I apologize for the confusion I caused by not being clear, but I'm not a neophyte here. I've washed down the crow with the kool-aid and even before that I knew the prop is not acting a turbine. So if what I write next is not clear on first read, please take as a given that I'm not confused about prop vs. turbine and read it again. I'm influenced by Puritan writers but don't have their skill; pay particular attention to my commas which I use when I break up a thought because I am trying to qualify it - sort of like the wheels (which are the turbine buckets in the cart's reality - I told you I understood) and the prop fighting each other for a net gain. It should not take more than half a dozen reads to understand; from what I have seen of your posts you'll get it on the first or second go.

The analogy, and it is a very limited analogy, to the turbine I was trying to think about is that the true wind has a given speed before it encounters the prop, and it (the wind) has a lower speed (and a different velocity) after it encounters the prop because it has applied force to, and given energy and/or momentum to, the cart. I.e. I am looking at the cart and its sails/blades/prop as a black box and as a turbine bucket as another black box. In that limited sense and in that limited sense only, there most definitely is an analogy between the cart black box and the turbine bucket black box in that they both extract momentum and energy from available potentials that exist between the motive fluid and the ground/nozzles/shell. (Phew! I had no idea so much was implicit in my previous post; no wonder it made no sense.)

Given that very limited analogy, and possibly (probably) stretching it too far, there is a principle in impulse turbines that the theoretical upper limit on efficiency comes from reducing the incoming fluid velocity by half with the bucket moving at half the incoming fluid velocity.

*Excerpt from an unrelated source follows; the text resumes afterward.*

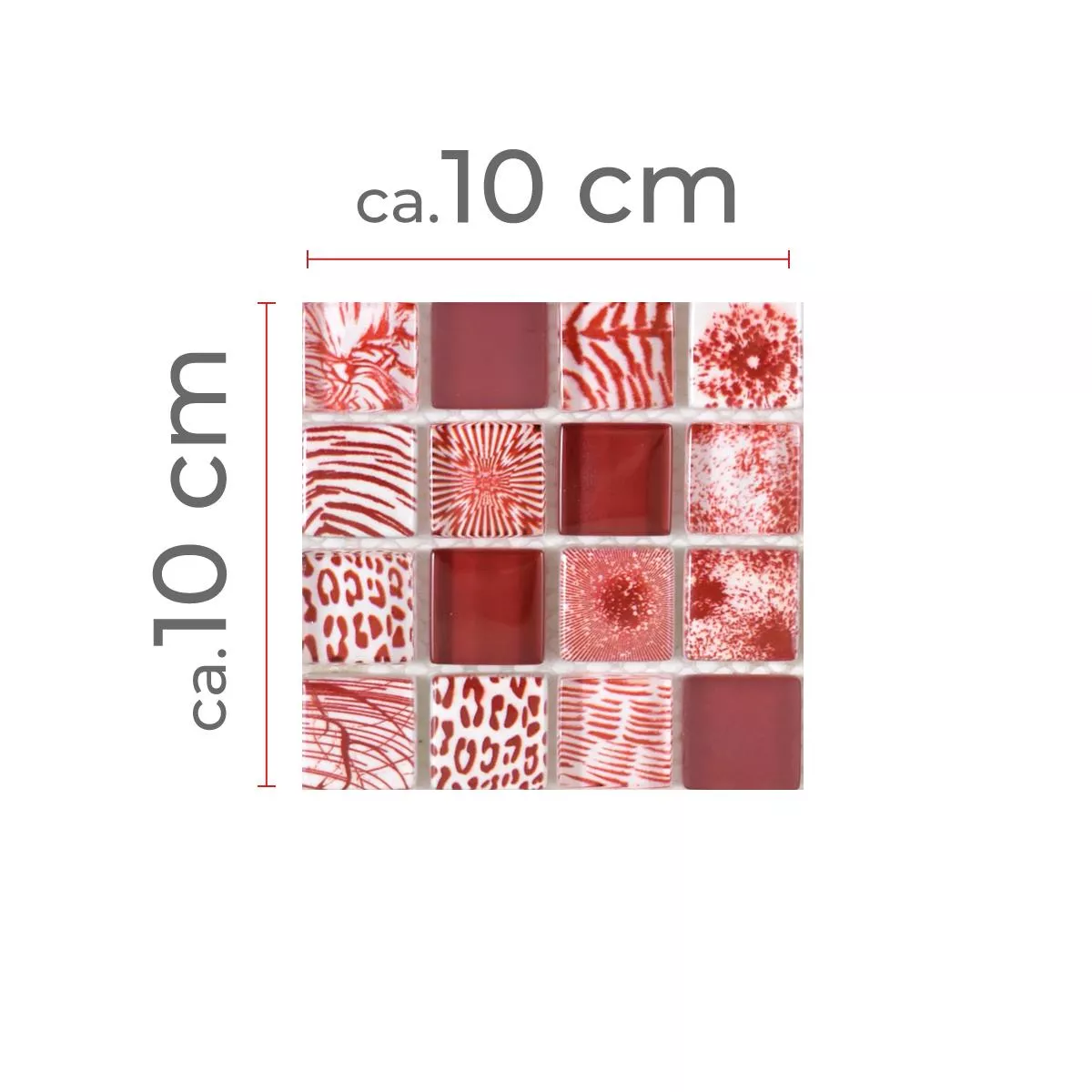 Model din Mozaic De Sticlă Gresie Cornelia Optica Retro Roșu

I was trying to figure out if there is an analogous property inherent in the DDWFTTW cart design. I just realized it's probably in the Drela papers and I missed it so I'll go read them again. It's probably the L/D limit from Marchaj applied to the prop/cart/wind geometry.

 

... at that terminal speed.

I assume you mean from at the beginning i.e. startup when the prop foils are stalled. As you approach terminal speed two things happen:

1) the blade efficiency drops as the angle of attack (AOA) drops.

2) the cart overall efficiency drops both with the blade efficiency and with the increasing losses. If the overall efficiency always improved with increasing cart speed there might be no upper limit.

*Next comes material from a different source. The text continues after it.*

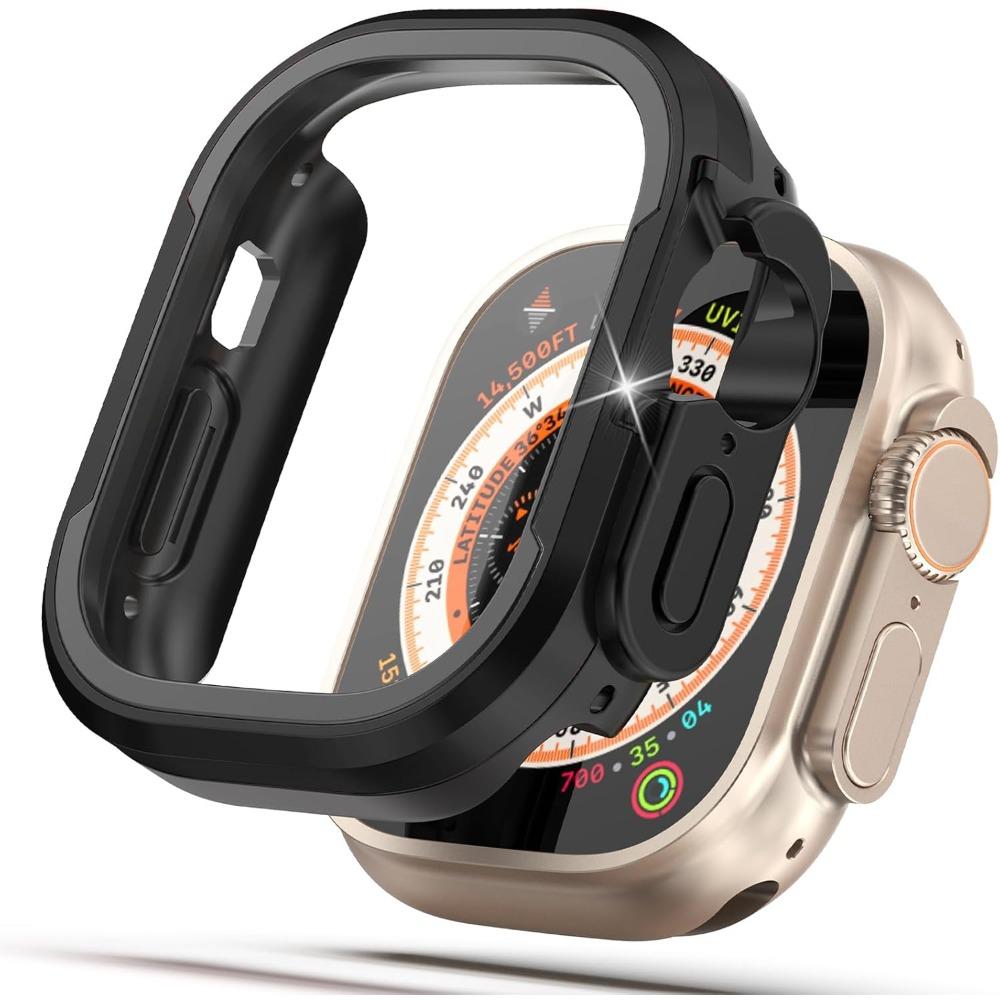 Metal Bumper Fit for Apple Watch Ultra 3 49mm Case Cover for iWatch Ultra 3/2/1 Watch Case 49mm, Matte Aluminum Bezel + Soft TPU Bumper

Maybe efficiency isn't the right term for the blade, but in the blade-apparent wind frame the prop can no longer deliver increased momentum to the cart as all the air being turned is used to overcome losses at the terminal speed, and increasing cart speed increases losses with which the prop can't keep up as it approaches feathering (luffing in cloth sailing terms i.e. low AOA).

Actually, maybe that is what I am getting at: the optimum design has the blade efficiency reaching a maximum at cart terminal speed and so blade efficiency never falls off. As you say it would seem that VP should get you most of the way there.

 

That's where I begin to wonder where the energy comes from if you don't have an engine supplying it. You reach wind speed, you engage friction driven wheels to a propeller that only puts out 85% of the energy put into it and
A: You keep speeding up, faster and faster.
B: you slow down
I'm thinking B.

 

Ooh! Ooh! Let me! Let me do this one!

You can go back through this thread, this has been covered at length. I'll try to summarize.

The energy comes from the velocity differential between the air and the ground. The prop blades are the cart's connection to the air, and the wheels are cart's connection to the ground.

Code:

_____High_Energy_Source_(Wind)____
            |
            v
      +-----------+
      |   Cart    |----->Work Extracted
      +-----------+
            |
            |
____________v____________
     Low Energy Sink (Ground)

As the cart velocity increases, its losses (prop and cart drag, rolling friction) increase as its ability to extract work (power) from the wind decreases. When the power extracted balances the losses, the cart has achieved maximum velocity.


If you really do have your thermodynamicist hat on, that should be enough to convince you why it works. The rest is in the details explaining how it works.


Wheel-Prop Energy balance (Thrust & drag):

The wheels need only provide enough energy to the prop to move the cart to leeward through (i.e. wrt) the true wind. The prop is moving at (Cartspeed-TrueWindspeed) wrt the air; the wheels are moving at Cartspeed wrt the ground. The energy to travel to leeward at true windspeed over the ground is already in the wind (ignoring losses), even if there is no prop.


Wheel-Prop Torque (Force) balance (drag):

The wheels need only provide enough force (torque) to balance the drag force of the prop in the plane of the prop rotation, in the wind that the prop sees.


The wheel-prop connection is "merely" clever gearing to make the intersection of any true wind streamline with a cart surface - specifically the prop blades - have a component that moves upwind relative to the true wind.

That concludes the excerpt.